OOC:  I must admit that last fight was a difficult one to describe, there was a lot going on and a lot of characters for me to keep track of.  So two party deaths in one adventure, which effectively was a random encounter.  But the players just rolled up some new characters and moved on.


----------



## EpicFailure (Jan 31, 2008)

Its proof that everyone can roll poorly on saves. And seki and nemo arent really gone, they are just elsewhere now.


----------



## EpicFailure (Feb 7, 2008)

Heya dan I thought I might as well ask here as I suspect im the only person from the group who regularly checks this forum. Anyway, im interested in using the disciple of dispater class from BOVD to bring in a new character who basically has been sent by Dispater to investigate the shadow pearls and help the group out.
I just wanted to ask, is it a. ok for me to retire dorian for a few levels just for fun?
and b. can If so, can I use the goliath race from races of stone. They are basically half giants from the psiionics books but the loose all psionic ability and gain strength instead.


----------



## Dantardis (Feb 9, 2008)

Hi James, both of these are OK.


----------



## Dantardis (Feb 9, 2008)

Sailing on the party headed towards Fort Greenrock, being joined by two new members, Morn and Holly.  When the vessel arrived there they saw a scene of devastation, buildings completely destroyed and bodies lying everywhere.  From a distance they could see a large shape which appeared to be made of coral which was relentlessly destroying the fort.  Moving the ship into a broadsides position Morning fired the cataapult which missed and the Golem retreated further inland.
  Getting into a launch the party landed on shore and moved into the fort.  Seeing the coral golm in the distance Holly mumbled a few words and hit the creature with a blob of acid.  Sangaya formed a mindblade and threw it at the golem but to no affect.  The golemm moved forward and tried to hit Morning but missed.  Morn and Aust, who had been standing back from the melee both cast spells simultaneously, hitting the golem with acid and cold at the same time.  Grey shot at the golem and missed and although Sangaya hit the golem it moved relentlessly forward and hit Morning, stunning her.    Morn and Aust both cast their spells again, hitting the golem with cold and acid respectively.  Aust's minion tried to hit the golem but missed as did Holly.  Sangaya did hit the golem with a mindblade.  By now th egolem was looking significantly damaged.  The golem hit Aust's minion and she fell over.  Morn and Aust cast thier spells again and Holly finally destroyed the golem with a well timed blow.  
  Once the battle was over the party saw a somewhat strange sight, three pale-skinned children were sitting in a corner, watching them.  Despite their best efforts the children would not communicate.  Suddenly the party heard a voice in their head of a young girl.  She revealed that the three of them had found a pearl which they had broken.  On breaking the pearl the golem had appeared and destroyed the fort, killing everyone.  With this the firl stepped back and a gateway opened which she stepped through.  Morn identified the realm on the other side as that of Nerull.


----------



## Dantardis (Mar 6, 2008)

NRPG:  Apologies all, I have lost some of my notes hence the place where I have started this update.

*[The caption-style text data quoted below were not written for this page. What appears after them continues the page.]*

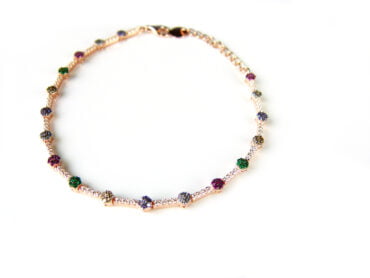 Armband in zilver roos goud verguld gezet met multicolor cubic zirconia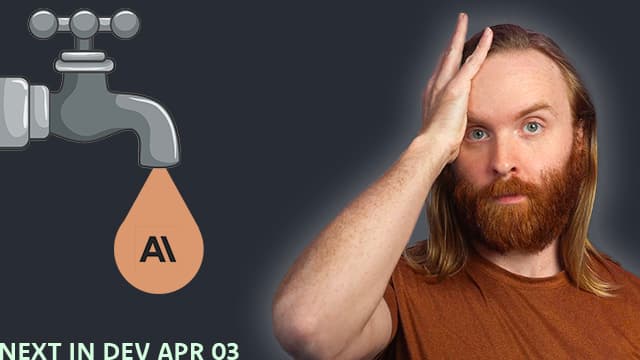 Leaky faucet with Anthropic's logo in it. Nick in disbelief.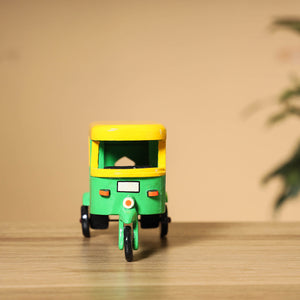 Auto Rickshaw - Handpainted Wooden Toy / Home Decor Item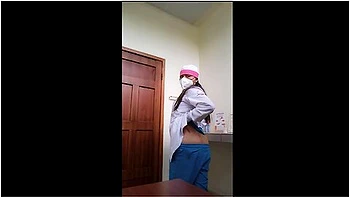 Hot Nurse Makes Her Work A Club To Record Porn And Show Her Vagina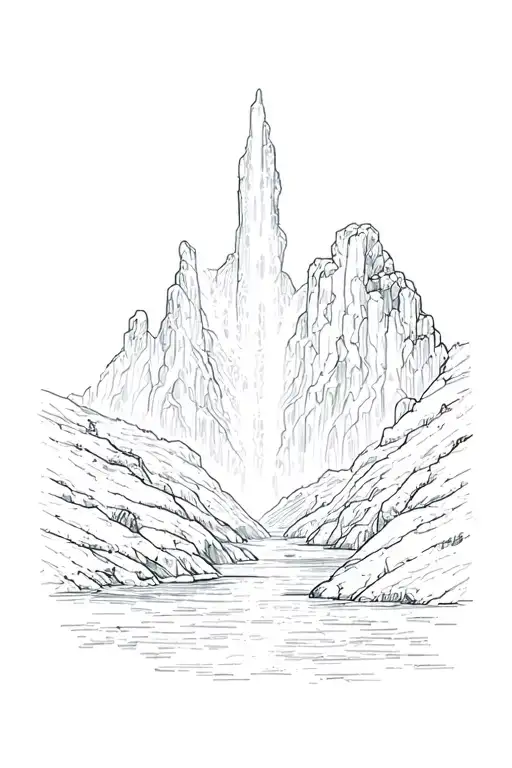 iceland waterfall tattoo design idea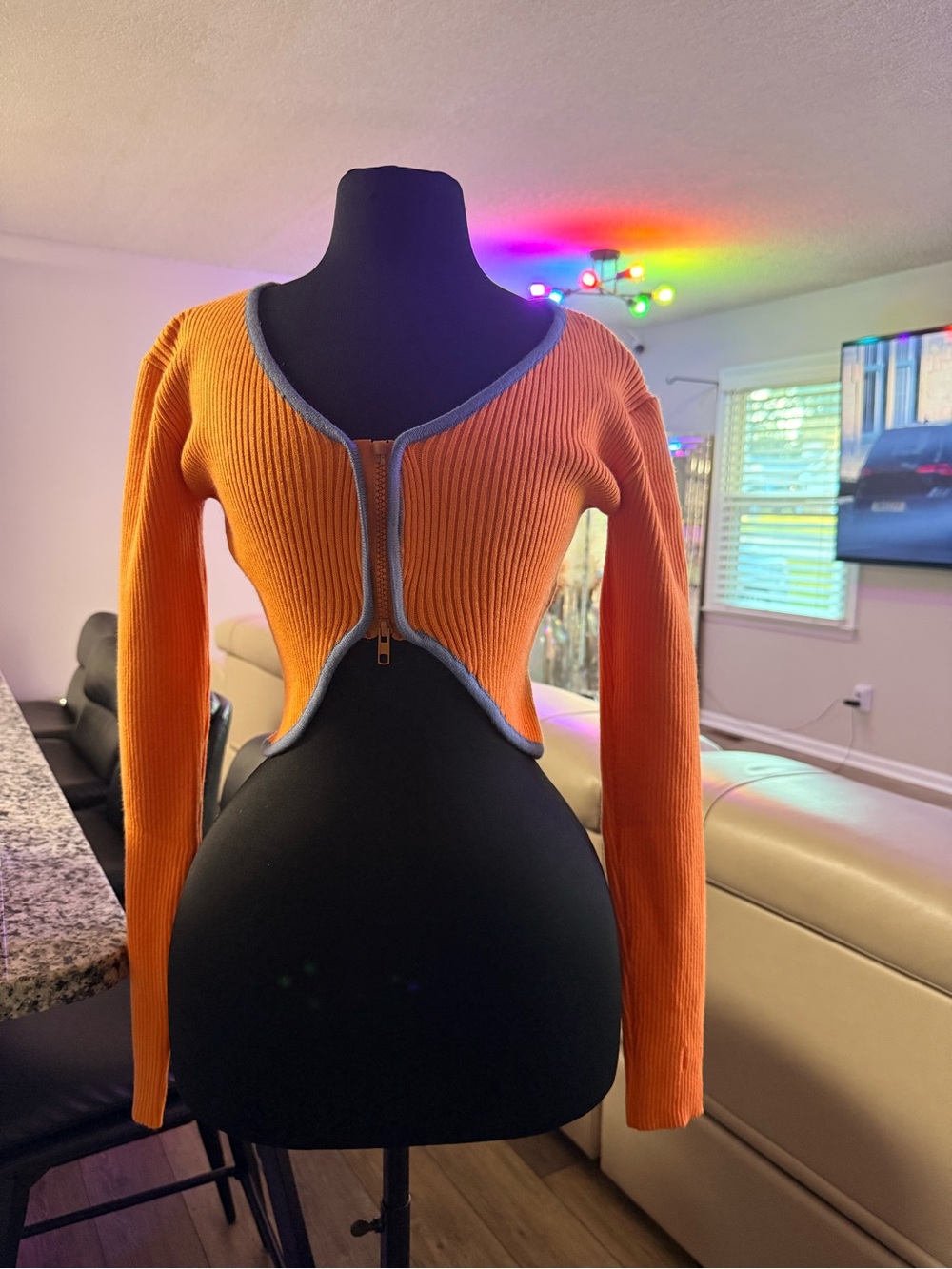 Orange Ribbed Zip-Front Women’s Crop Top by FINESSE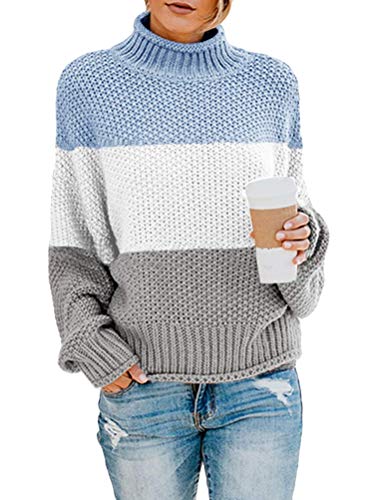 Onsoyours Damen Strickpullover Casual Herbst Winter Sweater Langarm Lose Pulli Jumper Sweatshirt Strickpulli Pullover Rollkragenpullover Streifenpullover D Blau 40 von Onsoyours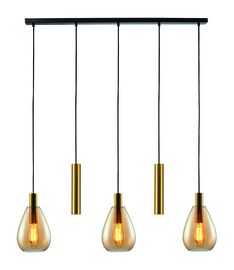 Freelight hanglamp Dorato,  5-lichts zwart-goud met amber glas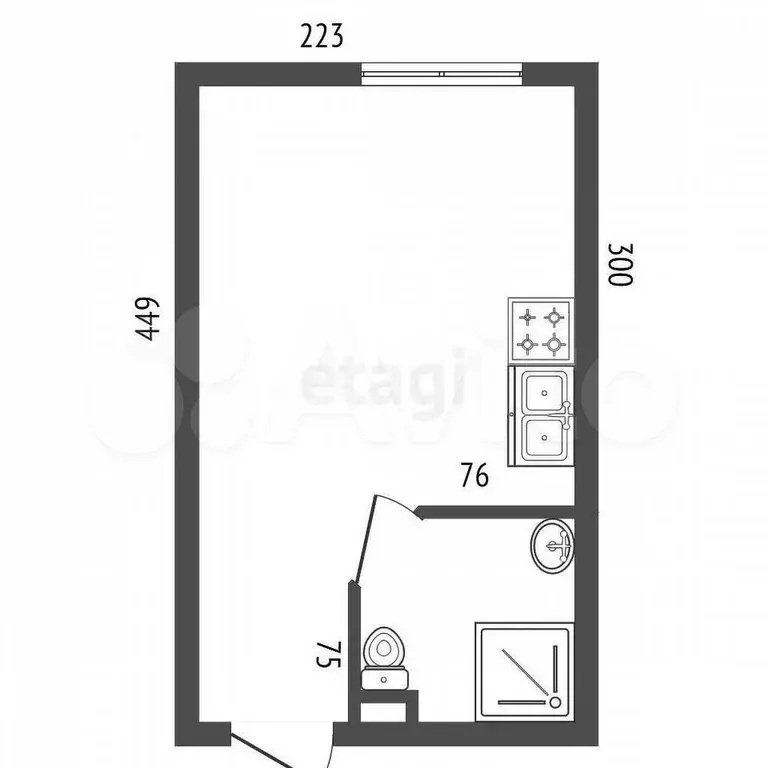 Апартаменты-студия, 12 м, 3/4 эт. - Фото 0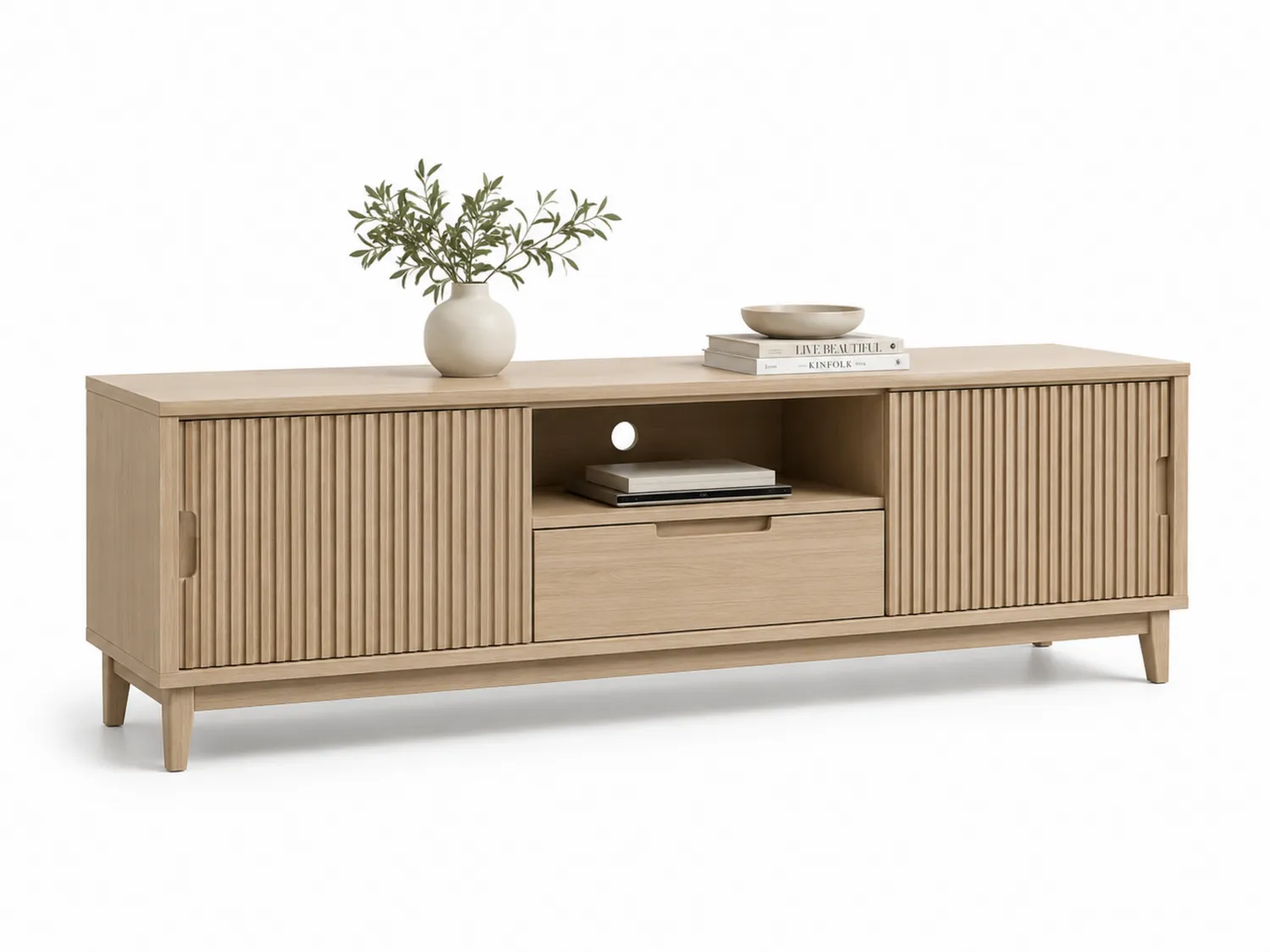 Szafka RTV z drzwiczkami z drewna dębowego 200x50x50 cm-Arzenorae
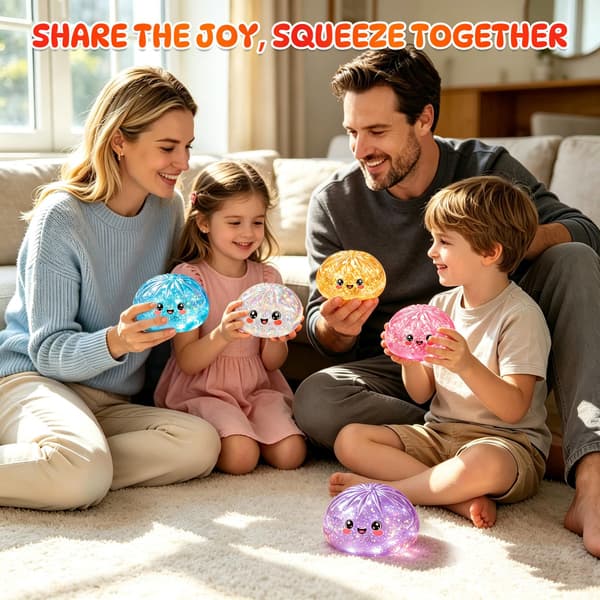 Klembar Squishy Fidget-legetøj, søde klemmebolde med æske til stresslindring, sjovt sensorisk klemme-fidget-legetøj til helligdage (hvid) Hvid White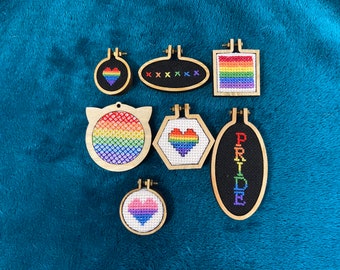 Pride cross stitch key chain key ring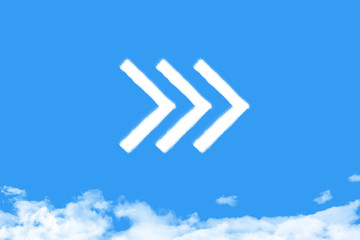 Arrow shaped cloud on blue sky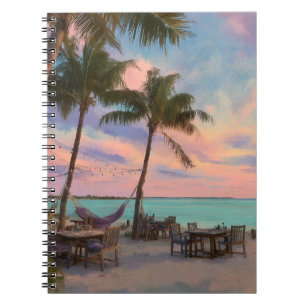 Caderno Espiral Pastel Sunset Beach Hammock Paradise Art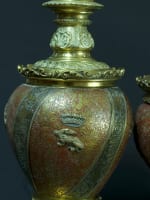 Ancienne garniture bronze François 1er lampe à pétrole jardinière sv Lievre 19e - Miniature 6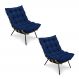 Kit 2 Poltronas Costela Veludo Azul Marinho Base Metálica - Pallazio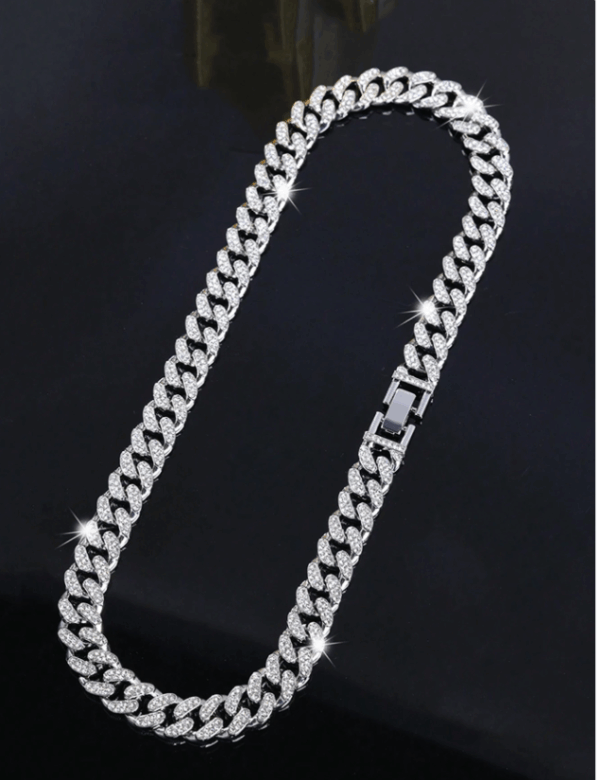 1pc Hip-Hop Ice Crystal Cuban Chain Necklace/bracelet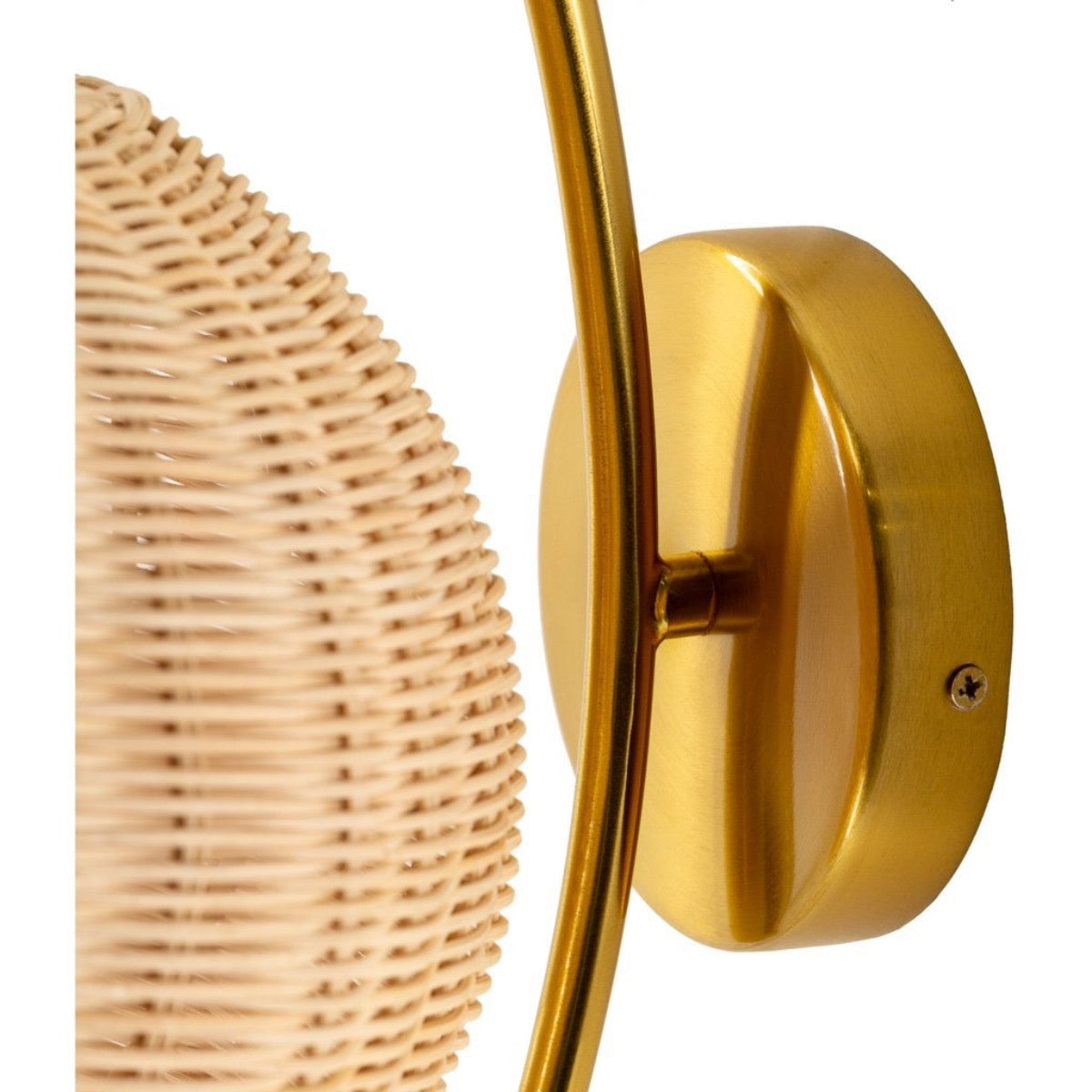 Marnie Rattan Wall Sconce base detail. Close-up detail view.
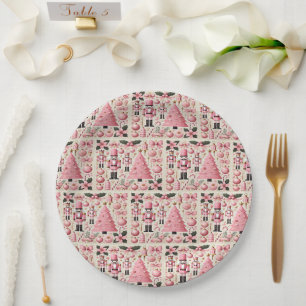 Plato De Papel Árbol de Navidad Cascanueces Rosa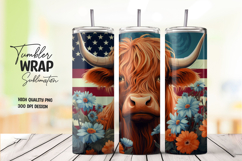 Patriotic Highland Cow with Flag and Flowers Tumbler Wrap Product Image 1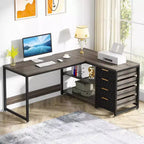 Lantine 59-Inch L-Shaped Computer Desk with Storage Drawers and Shelves, Reversible Corner Desk for Home Office, Grey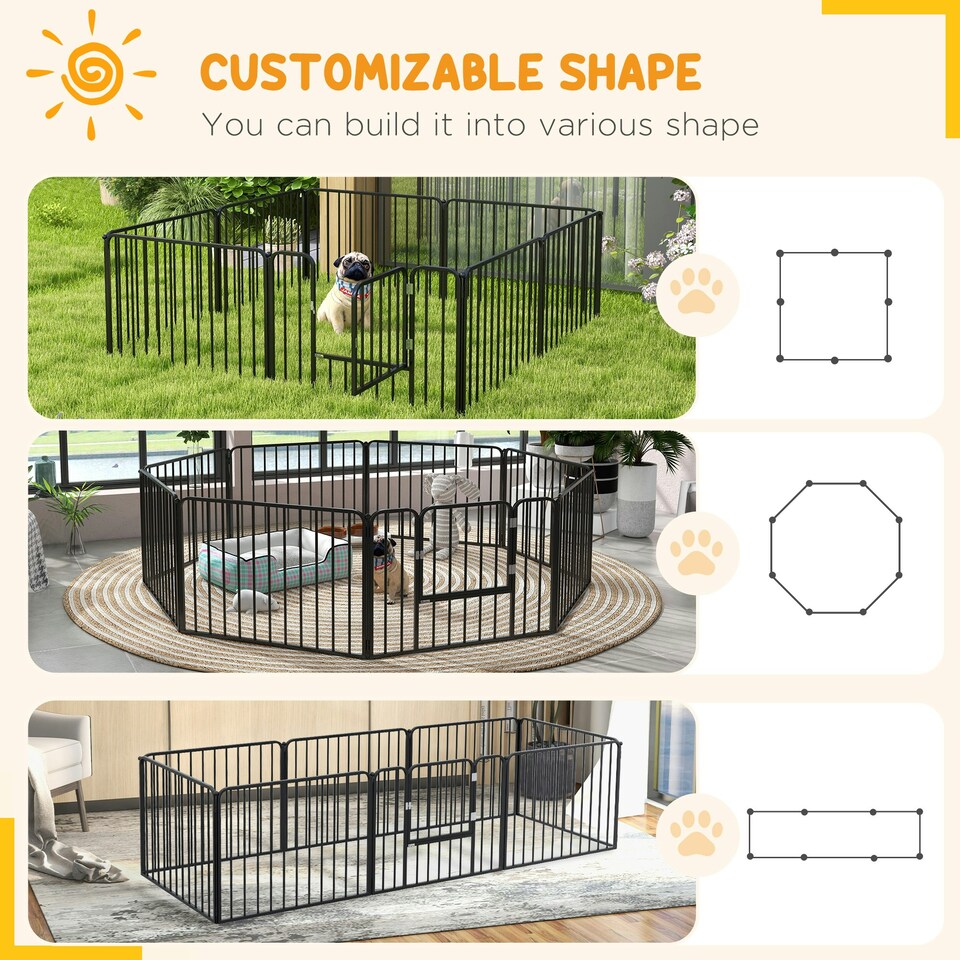 image 1 of PawHut 60cm 8 Panels Heavy-Duty Dog Playpen for Small Dogs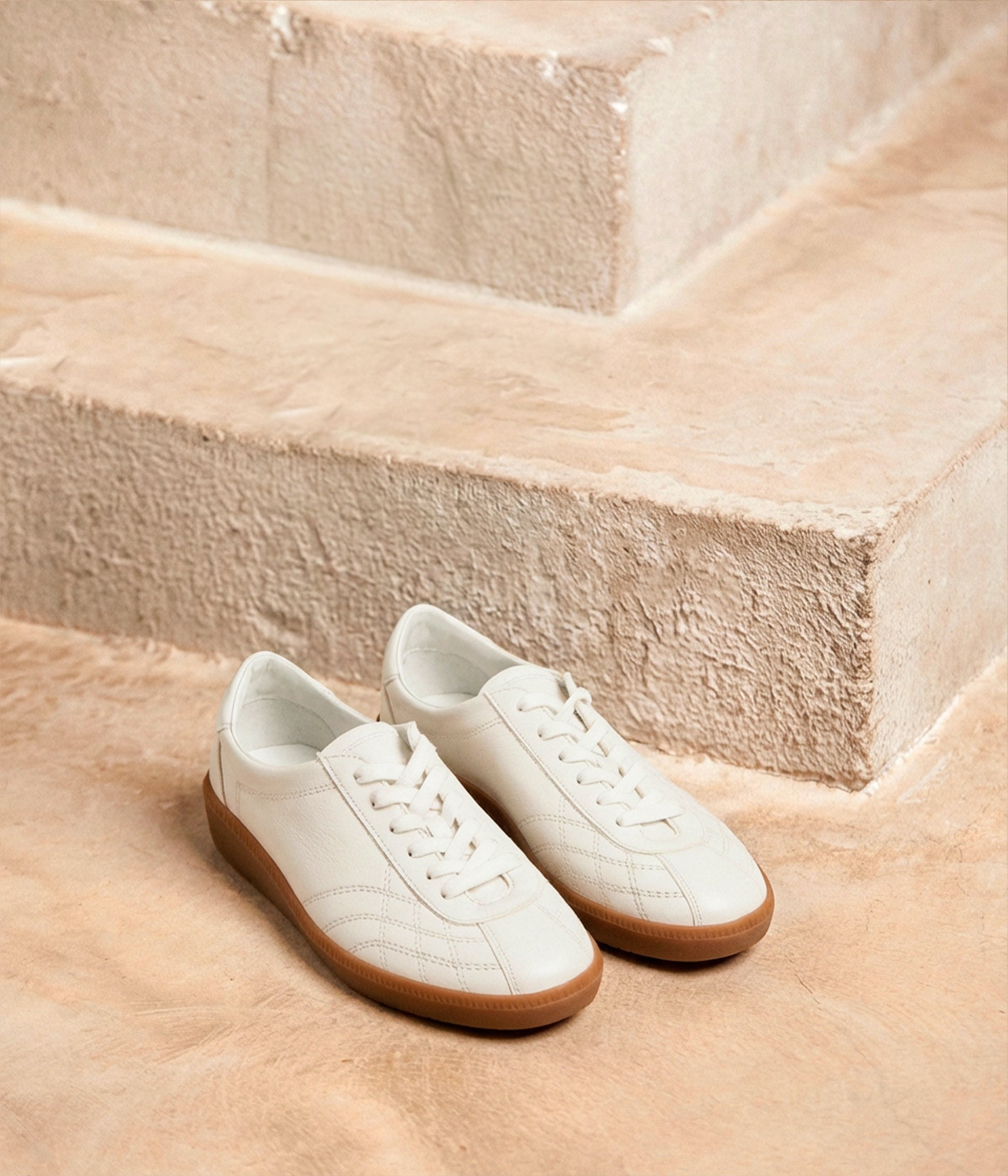 Baskets en cuir blanc Sophie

Some weeks later the ships sighted the Isle of Dread in the distance.  However by this time a heavy storm was blowing, pushing the ships towards the north side of the island.  Although the crew struggled manfully they were unable to prevent the ships beaching on the shore.
The following day the party examined the damage, both sides had taken some damage below the waterline but a few hours work by the lyre would soon fix that.  Whilst looking at the ships the party heard a loud roar from both sides of a nearby jungle.  Grey immediately moved towards the sound, setting himself up in a position to ambush whatever was making the sound.  At that moment two tyrannosaures burst through the treeline, roaring ion anticipation of an easy meal.  Sanagaya chanted, forming a soulknife in her hand which she then threw at one of the creatures.  At the same time Morning breathed fire on a second tyrannosaurus and it burst into flames.   Dorian cast a spell at the first monster and its eyes started to fill with tears, effectively blinding it.  Morn used a psionic effect and the other tyrannosaurus became shaken.  At the same time Grey unleashed a volley of aroows which struck one of the creatures.
 The creature which had only been staggared moved forward and grappled Sangaya whilst the other slowly retreated.  Sangaya, in retaliation attempted to hit the creature but failed.  Morning, moved forward, and voicing a mighty scream hit the creature.  Morn cast a spell and a blast of fire hit the creature.  Grey unleashed another salvo of arrows but these failed to hit their targets.  Morning hit the tyrannosaur again and it burst into flame.  Dorian followed this up by hitting the creature with a magic missile.  
 Morn cast a further spell behind the second creature and a wall of flame sprang up behind it, cutting off its retreat.  Morning unleashed a mighty blow and the first tyrannosaur fell dead.  By this time the second creature had move din and Grey fired a further volley against it.  Dorain followed this up by casting colour surge at the creature.    The tyrannosaurus tried to hit Morning but failed to bite her.  Morn mumbled under his breath and a shard of crystal flew out of his hands, striking the creature and criticalling it.  With further mighty blows Morning and Grey finished the creature off.


----------



## randomreggie (Mar 11, 2008)

Aha! Found at last!

Right, i shall hopefully be adding my own thoughts/descriptions at intervals in future.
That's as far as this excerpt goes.